• [Excerpted data]
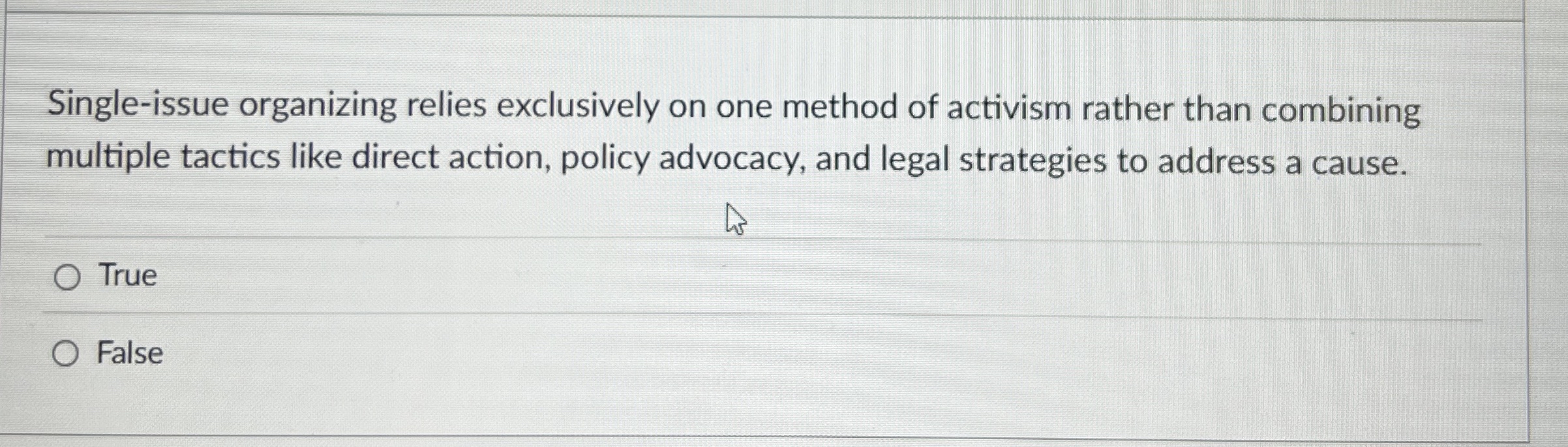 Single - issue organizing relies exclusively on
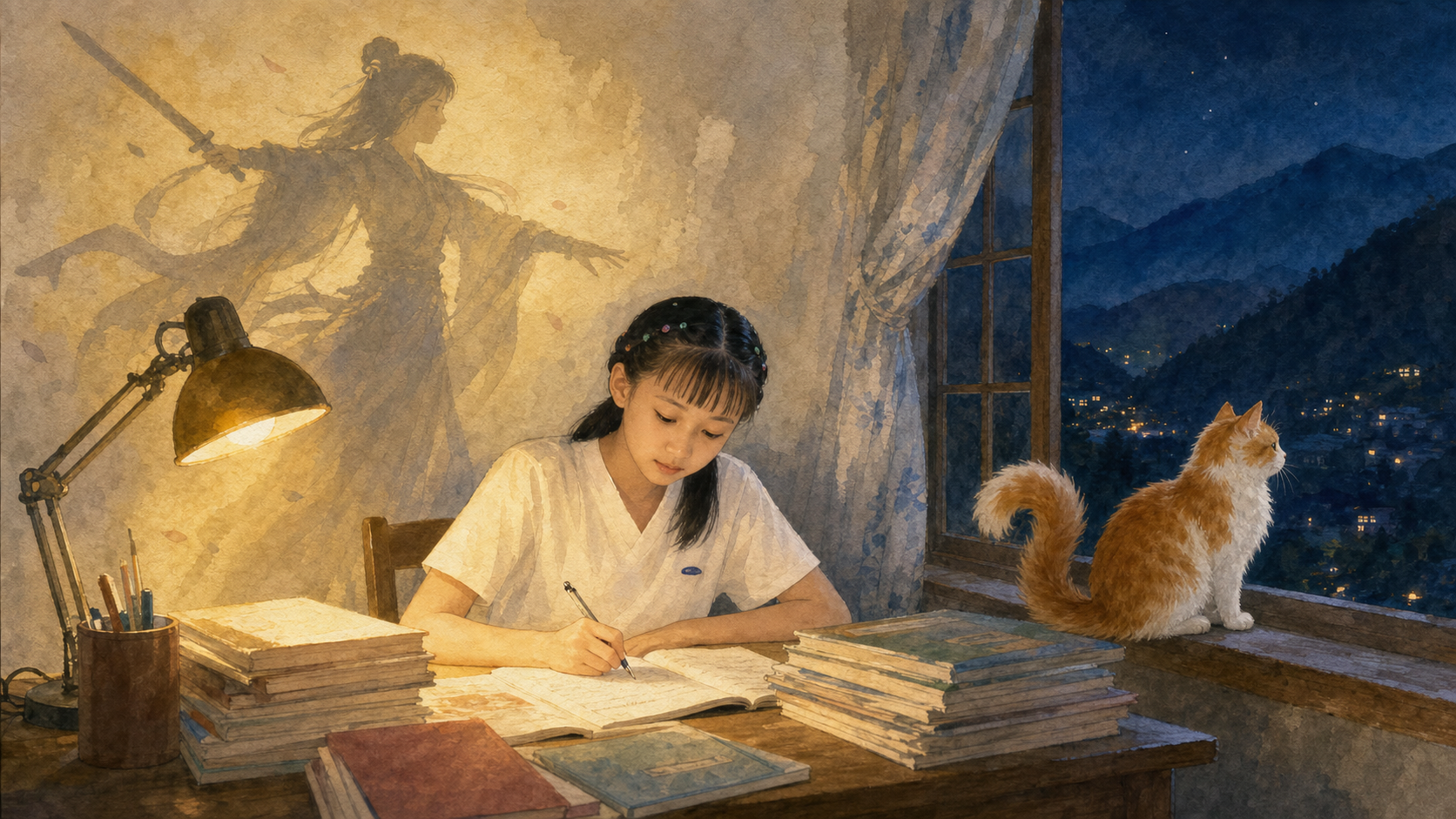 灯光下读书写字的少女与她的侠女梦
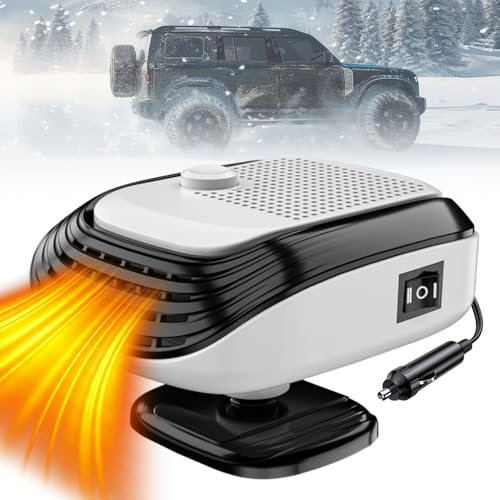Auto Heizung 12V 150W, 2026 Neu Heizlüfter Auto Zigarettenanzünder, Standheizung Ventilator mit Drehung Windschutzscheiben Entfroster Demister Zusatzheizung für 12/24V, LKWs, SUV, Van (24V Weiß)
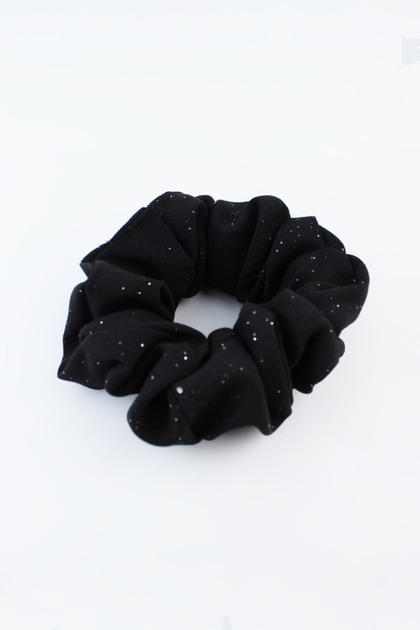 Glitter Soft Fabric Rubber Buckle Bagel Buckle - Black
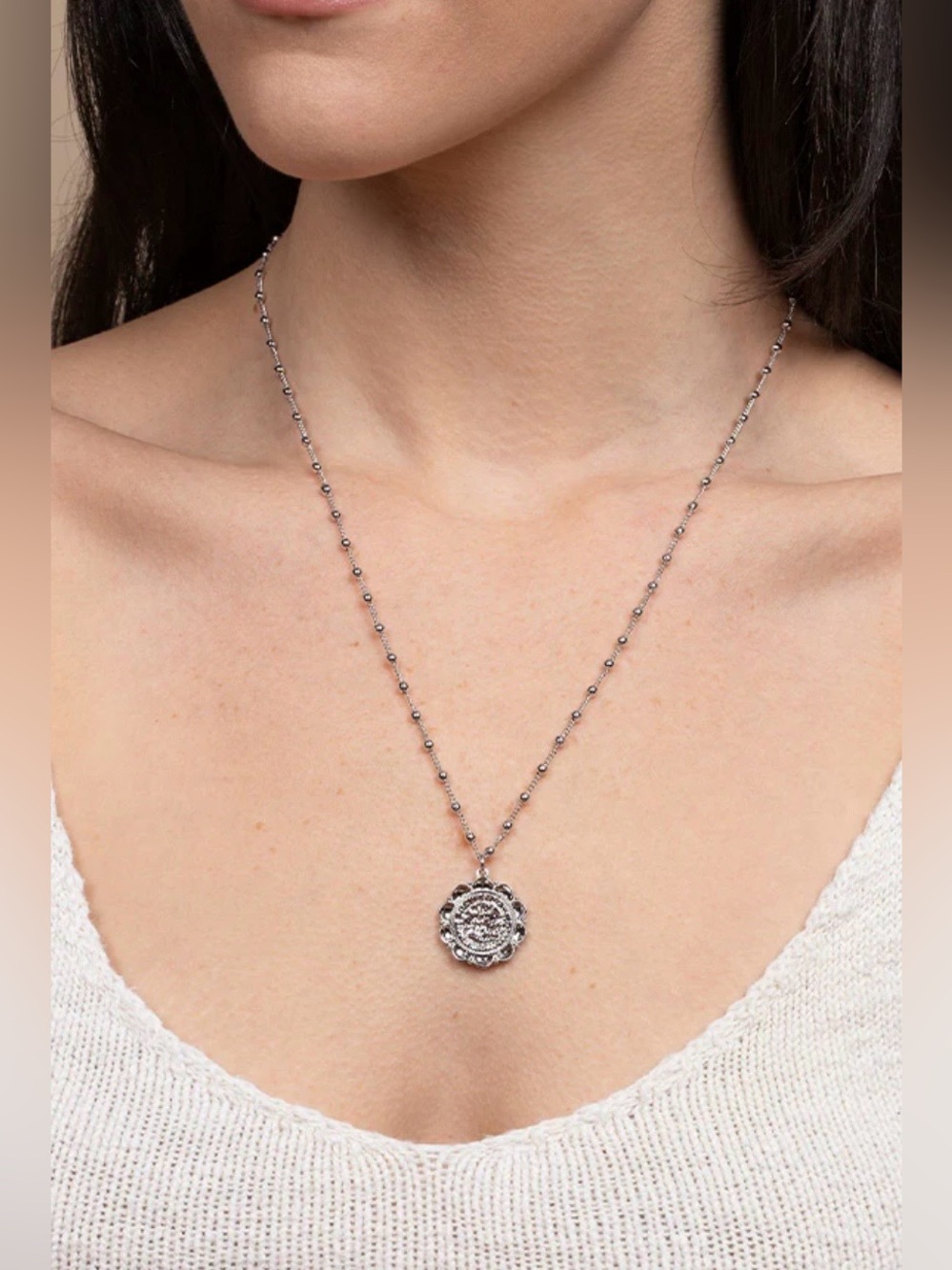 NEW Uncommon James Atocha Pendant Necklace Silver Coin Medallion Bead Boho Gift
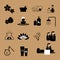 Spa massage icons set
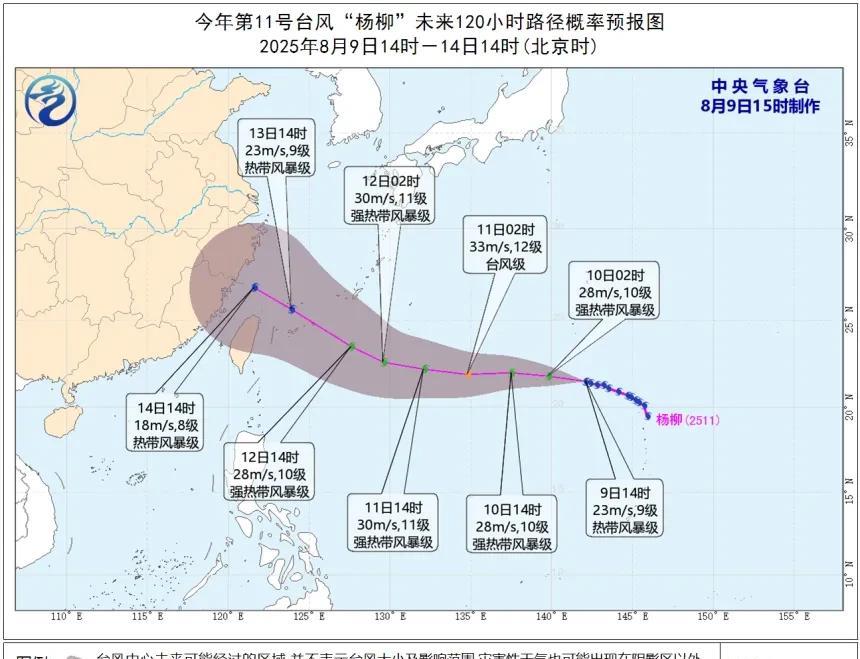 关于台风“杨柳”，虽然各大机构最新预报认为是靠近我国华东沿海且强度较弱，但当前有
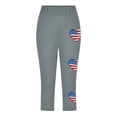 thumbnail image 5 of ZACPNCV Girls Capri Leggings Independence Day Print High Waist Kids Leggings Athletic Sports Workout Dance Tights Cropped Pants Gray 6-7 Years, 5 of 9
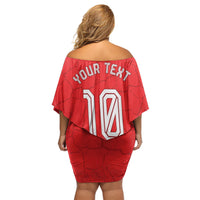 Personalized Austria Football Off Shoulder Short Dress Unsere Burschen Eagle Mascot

• [Required action] Give back only the lines from the one that carries "NEW Uncommon James" through the final line above, both included. Drop all pictures.

• [Task response]
 NEW Uncommon James Atocha Pendant Necklace Silver Coin Medallion Bead Boho Gift
 Spa massage icons set
 关于台风“杨柳”，虽然各大机构最新预报认为是靠近我国华东沿海且强度较弱，但当前有
 thumbnail image 5 of ZACPNCV Girls Capri Leggings Independence Day Print High Waist Kids Leggings Athletic Sports Workout Dance Tights Cropped Pants Gray 6-7 Years, 5 of 9
 Personalized Austria Football Off Shoulder Short Dress Unsere Burschen Eagle Mascot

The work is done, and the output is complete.